Data from Thomson Reuters Eikon/analysts reports
SHADOW OF THE SPILL The core reasons for a BP stock market value 'discount', which analysts put in the tens of billions of dollars, are the Russian uncertainties and the looming shadow of potential liabilities for the 2010 U.S. Gulf oil spill. After months of growing expectations that U.S. authorities were moving towards a settlement, in August the Department of Justice made a court filing re-asserting its case for gross negligence with regard to the accident. Such a finding could cost BP $21 billion under the United States' Clean Water Act, based on a maximum fine of $4,300 per barrel spilled tied to a 4.9 million-barrel estimate of the total that spewed into the sea. BP has already spent $14 billion on clean-up operations and paid out over $8 billion in claims. It is offering a further $7.8 billion in settlement to individuals and businesses affected by the disaster on top of all the other costs. It plans to contest a gross negligence charge at a hearing due to start in January. A fairness hearing on the proposed $7.8 billion settlement for individuals and businesses is due on Nov. 8. BP has made good progress selling a raft of assets so that it can shoulder a big hit, having raised to date some $35 billion towards a goal of $38 billion from divestments. In the process, it has expunged another blot on its U.S. safety reputation - the accident-prone Texas City refinery, selling it to Marathon Petroleum earlier in October. So financially, BP has the makings of a new start, in the United States, Russia and elsewhere. ''Our strategy targets higher cashflow; we expect to increase operating cashflow by 50 percent from 2011 to 2014 (in a $100 oil price environment),`` BP said in an emailed statement. But it is not all about money. The spill and the Russian issues have taken management time that might have been focused on the business itself. And the spill has tarnished BP's reputation in a core producing country.

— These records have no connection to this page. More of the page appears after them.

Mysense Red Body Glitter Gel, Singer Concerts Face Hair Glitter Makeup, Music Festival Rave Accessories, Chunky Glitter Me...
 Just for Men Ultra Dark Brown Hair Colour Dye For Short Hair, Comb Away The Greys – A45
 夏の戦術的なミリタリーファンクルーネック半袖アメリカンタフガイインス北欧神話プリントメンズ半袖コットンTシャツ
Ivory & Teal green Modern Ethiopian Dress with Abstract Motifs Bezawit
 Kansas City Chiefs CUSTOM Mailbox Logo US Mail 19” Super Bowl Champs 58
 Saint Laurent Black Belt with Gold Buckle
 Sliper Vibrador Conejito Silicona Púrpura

TO-DO LIST On Dudley's to-do list now are production problems in Azerbaijan, where the company is trying to mollify a government angry about falling output. Last week he juggled face time with Rosneft boss Igor Sechin and Rovnag Adbullayev, the president of the Azerbaijan state oil company SOCAR. Then there is Rumaila in southern Iraq, the biggest of the country's producing oilfields. BP has the pick of the bunch of service contracts, but it no longer looks like the most alluring business in post-war Iraq. Rivals who followed it in are having second thoughts, heading north to the autonomous Iraqi Kurdistan for richer pickings and some ownership of the production itself, to the fury of the Baghdad government. On a smaller scale, BP's one-year-old Indian projects are in the doldrums. Partner Reliance Industries is considering shutting underperforming gas fields. BP also has issues in Norway, where its Skarv project is months behind schedule. These troubles are the normal stuff of the international oil business, of course. And BP is not alone in suffering from increasing competition for assets from cash-rich national oil companies and for industry project ''action`` from the increasingly influential oil services sector.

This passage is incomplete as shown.